_TASK OBJECTIVE_
Your copy should contain exactly the lines from the one that holds "Well-finished bathroom with" through the end of the material, reproduced as written, with no pictures.

____ RECORDS SHOWN

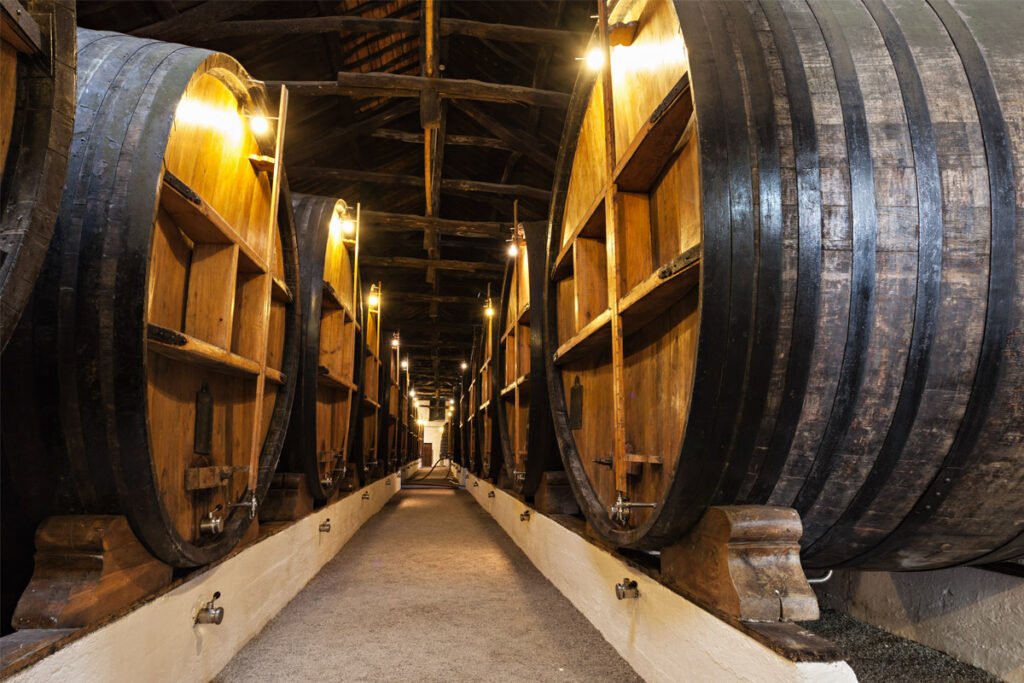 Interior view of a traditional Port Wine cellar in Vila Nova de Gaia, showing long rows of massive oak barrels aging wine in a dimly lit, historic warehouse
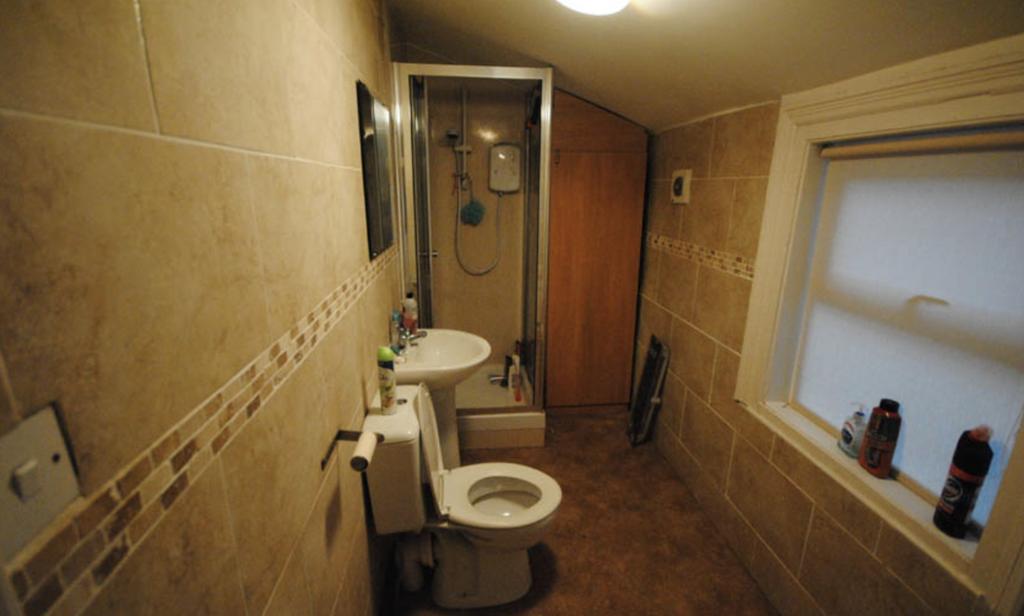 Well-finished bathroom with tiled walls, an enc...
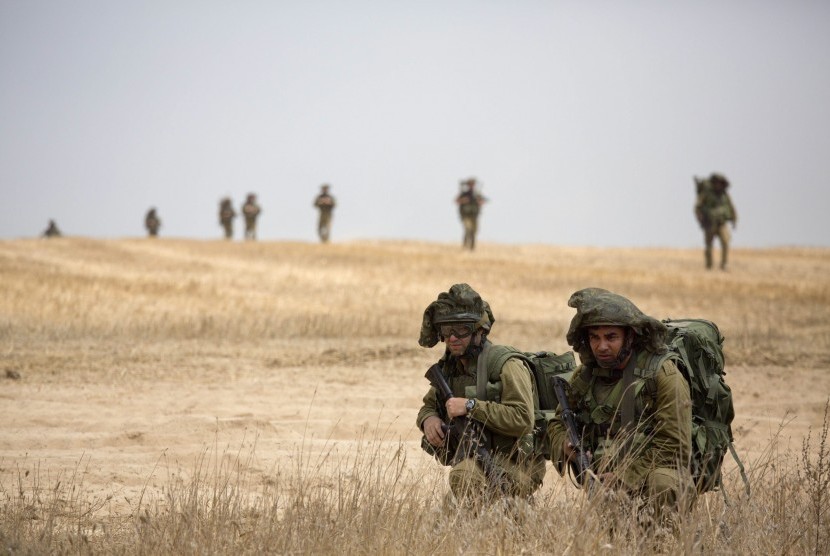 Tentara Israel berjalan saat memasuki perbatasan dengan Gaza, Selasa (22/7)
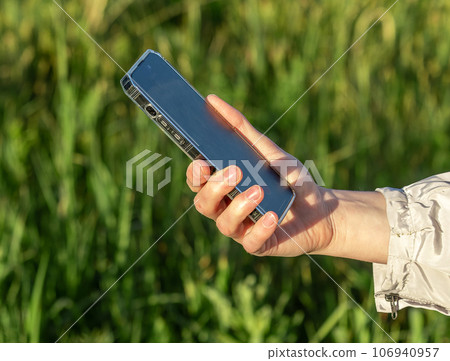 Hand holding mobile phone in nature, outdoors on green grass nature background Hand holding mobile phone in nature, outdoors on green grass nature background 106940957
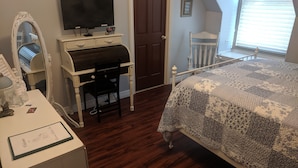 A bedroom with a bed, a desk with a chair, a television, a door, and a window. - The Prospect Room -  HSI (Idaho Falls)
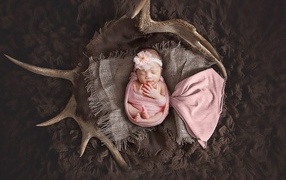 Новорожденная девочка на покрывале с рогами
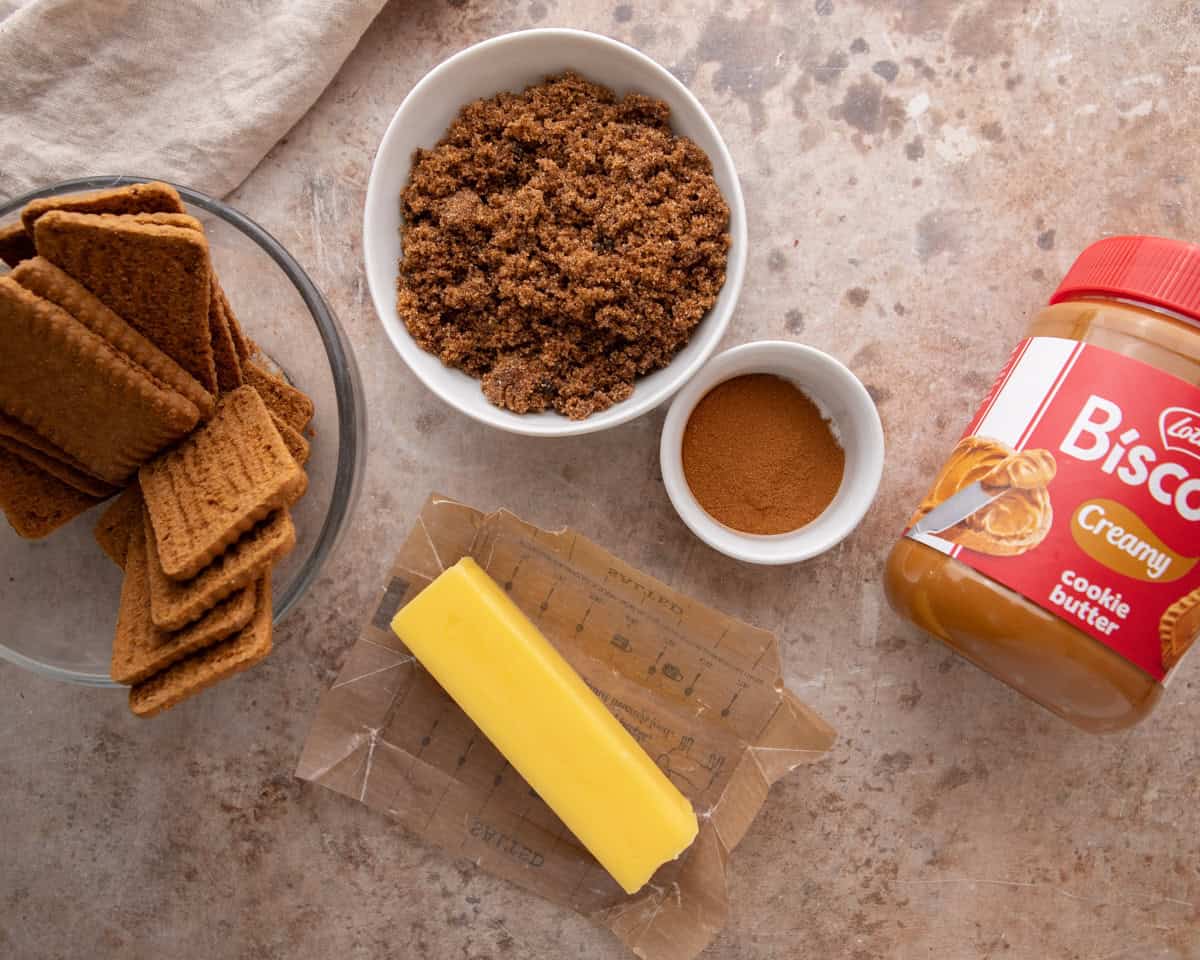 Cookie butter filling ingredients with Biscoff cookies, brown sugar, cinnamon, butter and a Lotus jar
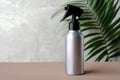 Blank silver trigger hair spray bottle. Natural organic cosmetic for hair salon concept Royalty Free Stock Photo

________

_COMPLETED EXERCISE_
 Well-finished bathroom with tiled walls, an enc...
 Tentara Israel berjalan saat memasuki perbatasan dengan Gaza, Selasa (22/7)
 Hand holding mobile phone in nature, outdoors on green grass nature background Hand holding mobile phone in nature, outdoors on green grass nature background 106940957
 A bedroom with a bed, a desk with a chair, a television, a door, and a window. - The Prospect Room -  HSI (Idaho Falls)
 Новорожденная девочка на покрывале с рогами
 Cookie butter filling ingredients with Biscoff cookies, brown sugar, cinnamon, butter and a Lotus jar
 Blank silver trigger hair spray bottle. Natural organic cosmetic for hair salon concept Royalty Free Stock Photo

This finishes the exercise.